Sonra sadede geldiler.
Niçin yazı yazdığıma, bu kadar çeşit yazı konusunu nereden bulduğuma, nasıl vakit ayırdığıma, işlerimi aksatıp aksatmadığıma, şu yazıda şöyle diyorsun, burada ne kastettiğime, şu şu kurumları niçin kötülediğime, maksadımın ne olduğuna, eleştirerek elime ne geçtiğine dair sorular sordular.

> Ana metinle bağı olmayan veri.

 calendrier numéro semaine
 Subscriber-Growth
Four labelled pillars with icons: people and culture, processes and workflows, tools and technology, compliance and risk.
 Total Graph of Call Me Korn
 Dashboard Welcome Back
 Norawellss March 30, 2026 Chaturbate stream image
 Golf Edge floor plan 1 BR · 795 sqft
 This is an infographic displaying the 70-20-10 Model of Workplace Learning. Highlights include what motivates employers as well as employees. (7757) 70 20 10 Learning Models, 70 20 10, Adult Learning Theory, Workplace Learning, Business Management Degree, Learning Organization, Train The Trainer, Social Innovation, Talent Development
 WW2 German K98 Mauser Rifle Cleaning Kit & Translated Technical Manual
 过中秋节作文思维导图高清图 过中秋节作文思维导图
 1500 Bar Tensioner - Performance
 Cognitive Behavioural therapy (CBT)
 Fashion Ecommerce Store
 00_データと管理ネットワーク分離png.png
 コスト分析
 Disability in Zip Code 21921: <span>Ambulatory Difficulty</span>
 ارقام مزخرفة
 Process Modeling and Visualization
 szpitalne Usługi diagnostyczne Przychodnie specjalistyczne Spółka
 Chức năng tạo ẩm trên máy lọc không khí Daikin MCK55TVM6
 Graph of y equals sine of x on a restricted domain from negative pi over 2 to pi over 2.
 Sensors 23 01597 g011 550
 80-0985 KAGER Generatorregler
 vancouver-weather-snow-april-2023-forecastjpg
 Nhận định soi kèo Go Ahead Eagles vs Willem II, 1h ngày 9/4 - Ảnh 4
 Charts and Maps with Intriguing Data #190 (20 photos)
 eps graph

Hepsine kendimce cevap verdim. Bir soruları çok ilgincime gitti. Niçin kişiselleştiriyorsun, kişileri niçin hedef gösteriyorsun dediler? Niye kişiselleştireyim niye hedef göstereyim ki. Kişiselleştirsem ve hedef göstersem yazılarımda yer ve şahıstan bahsederim. Hiçbir yazımda kişilere yer olmaz. Yapılanlara yer veririm. Daha doğrusu kişilerin eylemlerine yer veririm. Yapılan hareket iyi de olabilir, kötü de. Över gibi yaparken eleştiririm. Eleştirir gibi yaparken överim. Gözlemlere dayanan toplumsal olaylara yer veririm. Daha doğrusu eleştiri konularım kişiler değil, eylemleridir. Kişilerin yapıp ettiklerini ortaya koyarım. Yapıp ettiklerin bunlar. Bunlar senin ürünün. Ürününü beğendi isen bu ürünü üretmeye devam et. Yok, beğenmedi isen bundan vazgeç demek isterim. Bu tür makamlara talip olanlara da bak, bu kişinin verdiği imaj bu. Sakın ola ki böyle yapma. Yoksa karizmayı çizdirirsin demek isterim.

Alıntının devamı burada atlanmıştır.